# Comparisons for Three or More Groups

When comparing **three or more groups**, the choice of statistical test depends on:

1. **Data type** – Continuous or categorical
2. **Independence** – Independent or repeated-measures
3. **Assumptions** – Normality and equal variances

---

### **Parametric Case (ANOVA)**

#### **1. One-way ANOVA (Independent samples)**
Used when comparing $k \geq 3$ independent groups.  
Null hypothesis:

$$
H_0: \mu_1 = \mu_2 = \dots = \mu_k
$$

Test statistic:

$$
F = \frac{\text{Between-group variance}}{\text{Within-group variance}}
= \frac{MS_{\text{between}}}{MS_{\text{within}}}
$$

Where:

$$
MS_{\text{between}} = \frac{\sum_{i=1}^k n_i (\bar{X}_i - \bar{X})^2}{k - 1}
$$

$$
MS_{\text{within}} = \frac{\sum_{i=1}^k \sum_{j=1}^{n_i} (X_{ij} - \bar{X}_i)^2}{N - k}
$$

---

#### **2. Repeated-measures ANOVA**
Used when the **same subjects** are measured under $k$ different conditions.  
It accounts for **within-subject correlation** and partitions variance into between-subjects and within-subjects.

---

### **Non-parametric Case**

- **Kruskal–Wallis test**:  
  Rank-based test for $k$ independent groups.  
  Test statistic:

$$
H = \frac{12}{N(N+1)} \sum_{i=1}^k \frac{R_i^2}{n_i} - 3(N+1)
$$

Where $R_i$ is the sum of ranks in group $i$, $n_i$ is group size, and $N$ total sample size.

- **Friedman test**:  
  For $k$ repeated measures, ranks each row (subject) separately.  
  Test statistic:

$$
Q = \frac{12}{n k (k+1)} \sum_{j=1}^k R_j^2 - 3n(k+1)
$$

Where $R_j$ is the sum of ranks for treatment $j$ across subjects.

---

If a test is significant ($p < 0.05$), **post-hoc tests** (Tukey's HSD, pairwise Wilcoxon, etc.) are used to find which groups differ.


In [1]:
# One-way ANOVA example
set.seed(123)
group_A <- rnorm(10, mean = 5, sd = 1)
group_B <- rnorm(10, mean = 6, sd = 1)
group_C <- rnorm(10, mean = 7, sd = 1)

values <- c(group_A, group_B, group_C)
groups <- factor(rep(c("A", "B", "C"), each = 10))

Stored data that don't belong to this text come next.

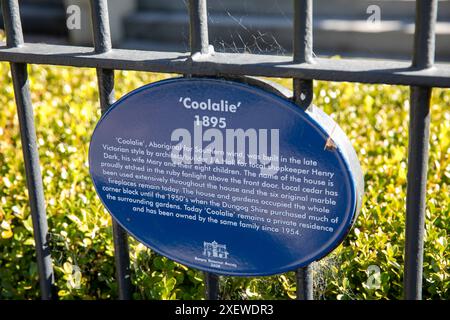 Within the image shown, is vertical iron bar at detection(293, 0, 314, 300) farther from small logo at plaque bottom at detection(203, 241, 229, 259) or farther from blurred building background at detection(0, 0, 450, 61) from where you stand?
blurred building background at detection(0, 0, 450, 61)

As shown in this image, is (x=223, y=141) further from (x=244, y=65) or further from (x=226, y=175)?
(x=244, y=65)

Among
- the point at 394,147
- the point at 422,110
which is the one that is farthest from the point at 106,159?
the point at 394,147

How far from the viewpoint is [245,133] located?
5.51 ft

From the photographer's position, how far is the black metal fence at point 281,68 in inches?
60.2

anova_result <- aov(values ~ groups)
summary(anova_result)

            Df Sum Sq Mean Sq F value  Pr(>F)   
groups       2  12.24   6.122   6.435 0.00518 **
Residuals   27  25.68   0.951                   
---
Signif. codes:  0 '***' 0.001 '**' 0.01 '*' 0.05 '.' 0.1 ' ' 1

In [2]:
# Kruskal–Wallis test example (non-parametric)
set.seed(321)
grp1 <- rexp(8, rate = 0.5)
grp2 <- rexp(8, rate = 0.6)
grp3 <- rexp(8, rate = 0.7)

kw_result <- kruskal.test(list(grp1, grp2, grp3))
kw_result


	Kruskal-Wallis rank sum test

data:  list(grp1, grp2, grp3)
Kruskal-Wallis chi-squared = 2.355, df = 2, p-value = 0.308


In [5]:
# Repeated-measures ANOVA example
if(!require(ez)) install.packages("ez")
library(ez)

# Simulated dataset
set.seed(42)
subject <- factor(1:6)
treatment <- factor(rep(c("T1", "T2", "T3"), each = 6))
score <- c(rnorm(6, 5), rnorm(6, 6), rnorm(6, 7))

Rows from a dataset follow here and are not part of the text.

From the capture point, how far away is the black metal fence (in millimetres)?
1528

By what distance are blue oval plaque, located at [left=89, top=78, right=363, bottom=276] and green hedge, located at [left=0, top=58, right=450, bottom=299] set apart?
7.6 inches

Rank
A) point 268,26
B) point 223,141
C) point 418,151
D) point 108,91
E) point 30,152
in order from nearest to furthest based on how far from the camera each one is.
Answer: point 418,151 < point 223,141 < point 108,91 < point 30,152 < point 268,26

data_rm <- data.frame(subject = rep(subject, 3),
                      treatment = treatment,
                      score = score)

ez_result <- ezANOVA(data = data_rm,
                     dv = score,
                     wid = subject,
                     within = treatment)
ez_result

Unnamed: 0_level_0,Effect,DFn,DFd,F,p,p<.05,ges
Unnamed: 0_level_1,<chr>,<dbl>,<dbl>,<dbl>,<dbl>,<chr>,<dbl>
2,treatment,2,10,4.262341,0.04584016,*,0.4104552

Unnamed: 0_level_0,Effect,W,p,p<.05
Unnamed: 0_level_1,<chr>,<dbl>,<dbl>,<chr>
2,treatment,0.4379655,0.1918138,

Unnamed: 0_level_0,Effect,GGe,p[GG],p[GG]<.05,HFe,p[HF],p[HF]<.05
Unnamed: 0_level_1,<chr>,<dbl>,<dbl>,<chr>,<dbl>,<dbl>,<chr>
2,treatment,0.6401907,0.07659173,,0.7638268,0.06409709,


# Real-World Analogy

- **One-way ANOVA**: Compare the average yield of **three different fertilizer types** on crops.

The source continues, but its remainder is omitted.